#### [Exercise directions]
Go through the following data and transcribe exactly the stretch of lines from the one holding "Tranquil courtyard featuring" to the one holding "a single glass", both included.

#### [Provided material]
┄┄┄┄┄┄┄┄┄┄┄┄┄┄┄┄┄┄┄┄

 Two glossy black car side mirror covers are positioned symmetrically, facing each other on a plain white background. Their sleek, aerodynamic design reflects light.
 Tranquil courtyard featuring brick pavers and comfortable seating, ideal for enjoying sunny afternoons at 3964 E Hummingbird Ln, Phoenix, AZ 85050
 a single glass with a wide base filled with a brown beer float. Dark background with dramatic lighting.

┄┄┄┄┄┄┄┄┄┄┄┄┄┄┄┄┄┄┄┄

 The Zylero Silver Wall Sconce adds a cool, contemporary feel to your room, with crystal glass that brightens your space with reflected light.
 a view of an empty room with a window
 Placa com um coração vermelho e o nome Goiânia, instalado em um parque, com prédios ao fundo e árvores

┄┄┄┄┄┄┄┄┄┄┄┄┄┄┄┄┄┄┄┄

#### [Response box]
 Tranquil courtyard featuring brick pavers and comfortable seating, ideal for enjoying sunny afternoons at 3964 E Hummingbird Ln, Phoenix, AZ 85050
 a single glass with a wide base filled with a brown beer float. Dark background with dramatic lighting.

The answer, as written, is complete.